If you are running an application that uses EBS volume but has no requirements to be highly available, then you can restrict the deployment of the application to a single AZ. In EKS, worker nodes are automatically added failure-domain.beta.kubernetes.io/zone label, which contains the name of the AZ. You can see the labels attached to your nodes by running kubectl get nodes --show-labels. More information about built-in node labels is available here. You can use node selectors to schedule a pod in a particular AZ.

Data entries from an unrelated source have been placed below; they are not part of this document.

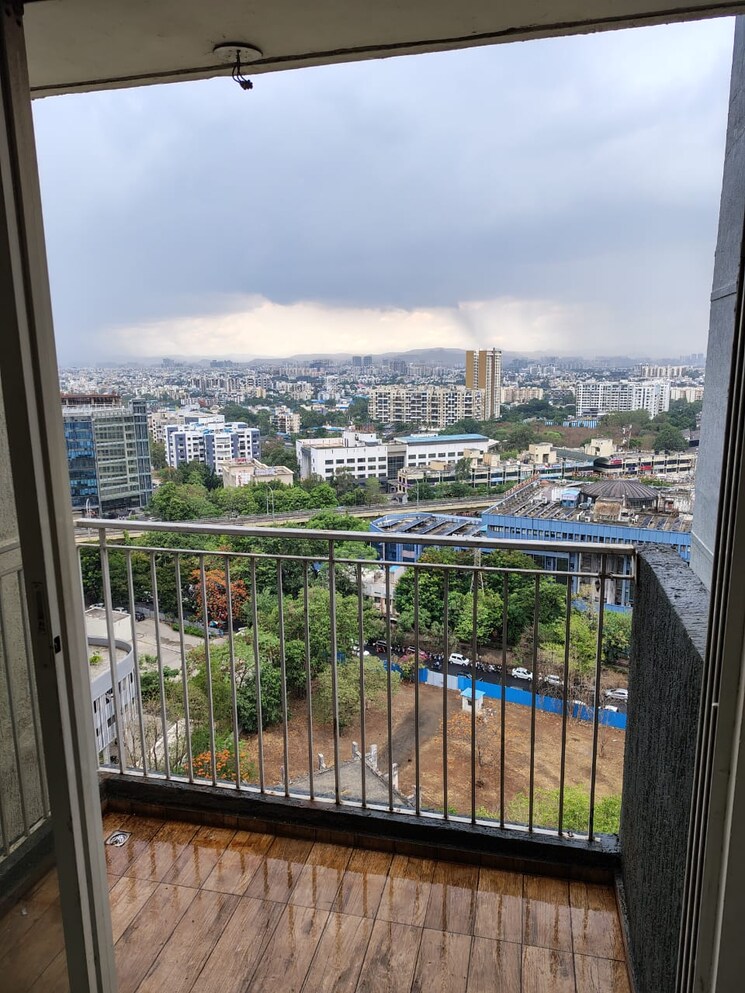 Swimming Pool, mahindra-antheia 2 Bedroom 532 Sq.Ft. Apartment In Pimpri Pune 8767842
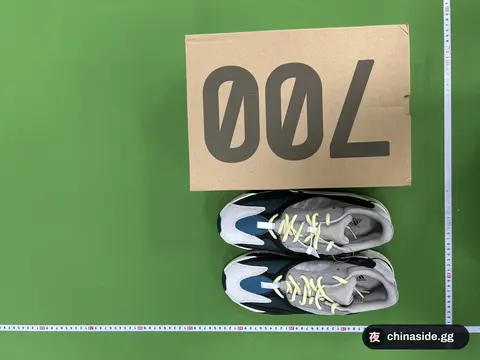 700 Sneakers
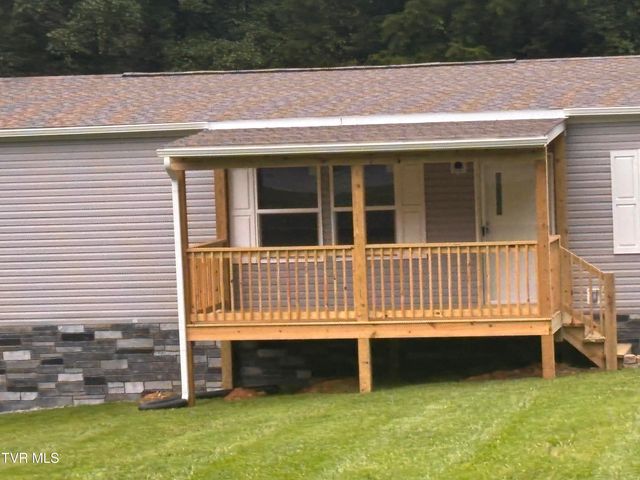 2865 Devault Bridge Road, Piney Flats, TN 37686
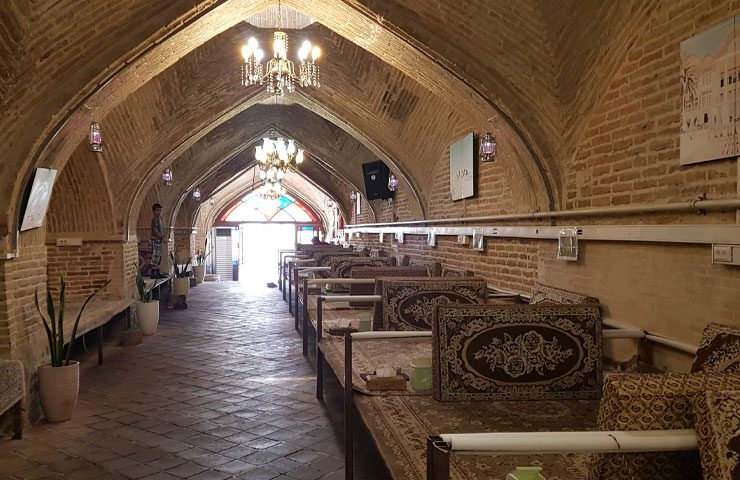 فضای داخلی رستوران سنتی کاروانسرای سنگی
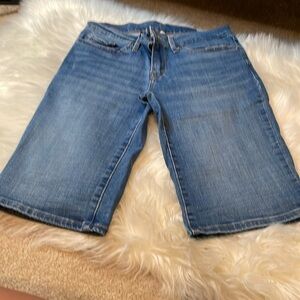 Levi’s Bermuda shorts 🩳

In the example below, the pod will only be scheduled in us-west-2c AZ:

apiVersion: v1
kind: Pod
metadata:
  name: single-az-pod
spec:
  affinity:
    nodeAffinity:
      requiredDuringSchedulingIgnoredDuringExecution:
        nodeSelectorTerms:
        - matchExpressions:
          - key: failure-domain.beta.kubernetes.io/zone
            operator: In
            values:
            - us-west-2c
  containers:
  - name: single-az-container
    image: kubernetes/pause

Persistent volumes (backed by EBS) are also automatically labeled with the name of AZ; you can see which AZ your persistent volume belongs to by running kubectl get pv -L topology.ebs.csi.aws.com/zone. When a pod is created and claims a volume, Kubernetes will schedule the Pod on a node in the same AZ as the volume.

Consider this scenario; you have an EKS cluster with one node group. This node group has three worker nodes spread across three AZs. You have an application that uses an EBS-backed Persistent Volume. When you create this application and the corresponding volume, its Pod gets created in the first of the three AZs. Then, the worker node that runs this Pod becomes unhealthy and subsequently unavailable for use. Cluster Autoscaler will replace the unhealthy node with a new worker node; however, because the autoscaling group spans across three AZs, the new worker node may get launched in the second or the third AZ, but not in the first AZ as the situation demands. As the AZ-constrained EBS volume only exists in the first AZ, but there are no worker nodes available in that AZ, the Pod cannot be scheduled. Therefore, you should create one node group in each AZ, so there is always enough capacity available to run pods that cannot be scheduled in other AZs.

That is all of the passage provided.